No pictures, please: print exactly the lines from the one that contains "COLLAR ZO5018N Plateado" through the last line of the listing.

:: DATA SHOWN ::
┄┄┄┄┄┄┄┄┄┄┄┄┄┄┄┄┄┄┄┄
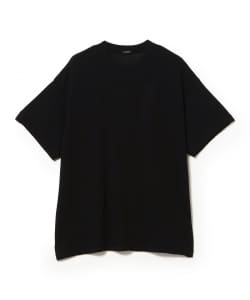 COMOLI / コットンメッシュ 半袖 Tシャツ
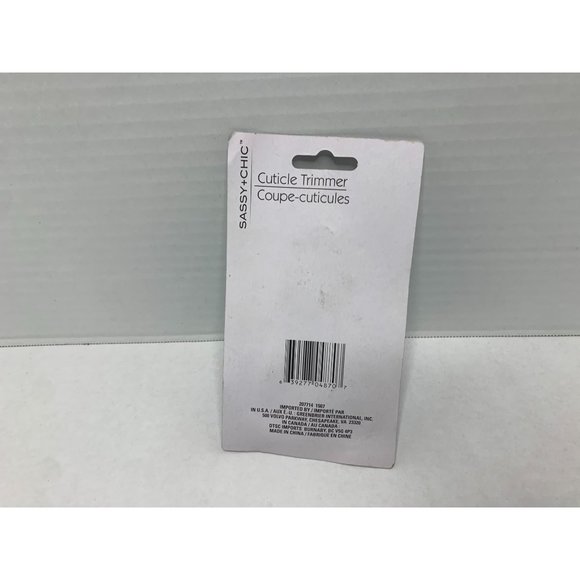 New Sassy & Chic Cuticle trimmers Blue Handle - Picture 2 of 2
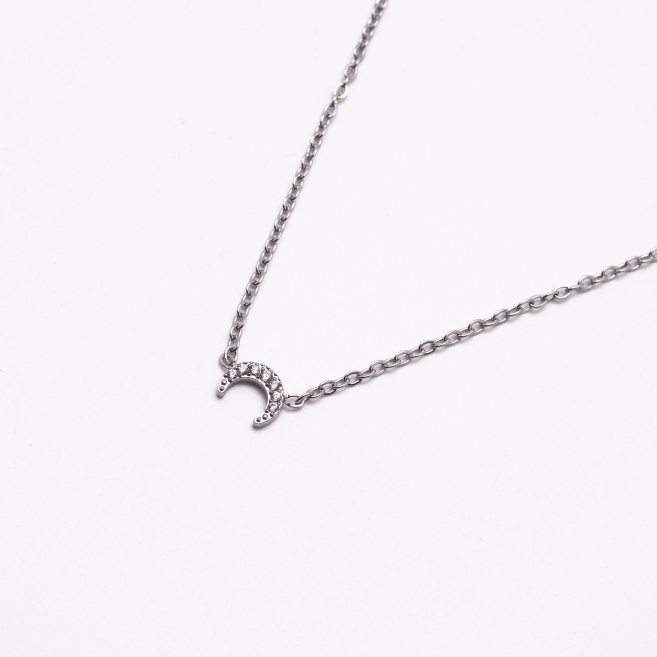 COLLAR ZO5018N Plateado Acero Inoxidable 2D31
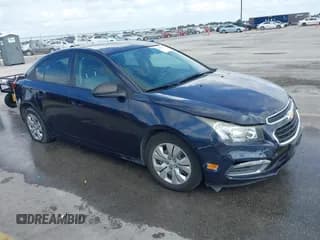 ✅ 2015 Chevrolet Cruze LS • VIN: 1G1PA5SG4F7228658 • Lot: 42690331. Listed on IAAI with 109,915 mi. Free auction sales archive from the USA and detailed vehicle history report at DreamBid. Image 1.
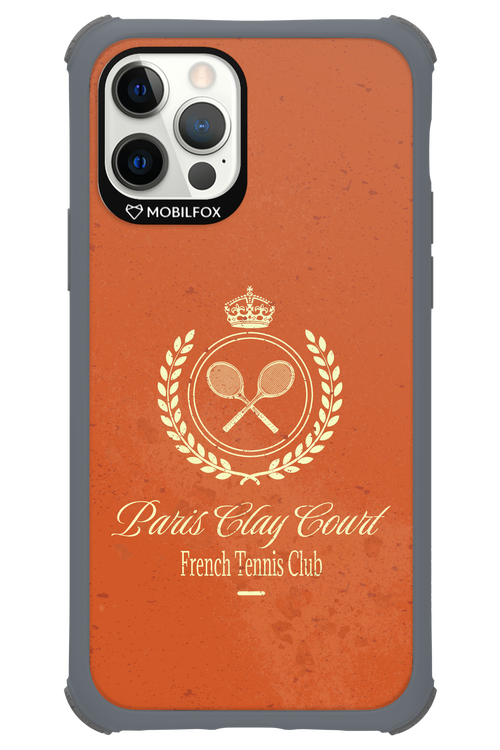 Paris Clay Court Club 2.0 - Apple iPhone 12 Pro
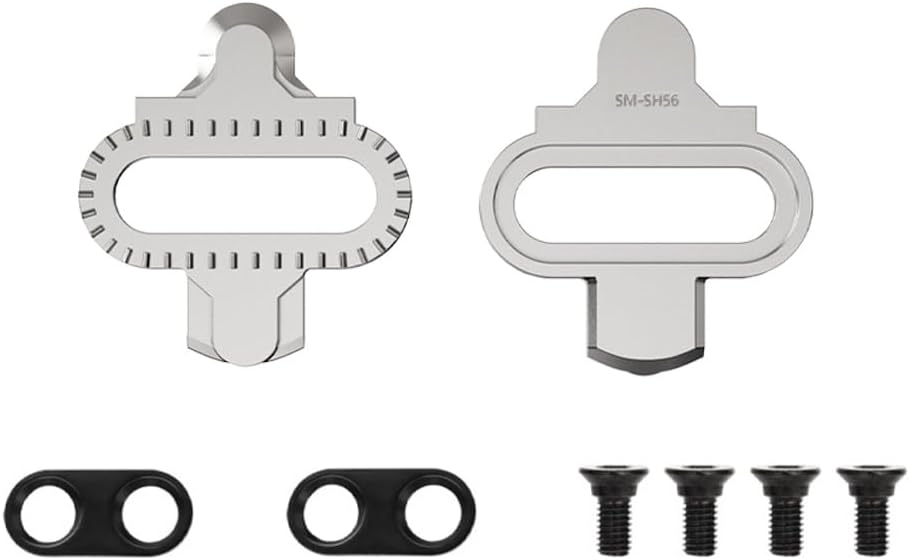 Bike Cleats, for Shimano SPD SM-SH56 ，MTB Bicycle Cleats ，Self-Locking Pedals， Long Durable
┄┄┄┄┄┄┄┄┄┄┄┄┄┄┄┄┄┄┄┄
:: RESPONSE TO THE EXERCISE ::
 COLLAR ZO5018N Plateado Acero Inoxidable 2D31
 ✅ 2015 Chevrolet Cruze LS • VIN: 1G1PA5SG4F7228658 • Lot: 42690331. Listed on IAAI with 109,915 mi. Free auction sales archive from the USA and detailed vehicle history report at DreamBid. Image 1.
 Paris Clay Court Club 2.0 - Apple iPhone 12 Pro
 Bike Cleats, for Shimano SPD SM-SH56 ，MTB Bicycle Cleats ，Self-Locking Pedals， Long Durable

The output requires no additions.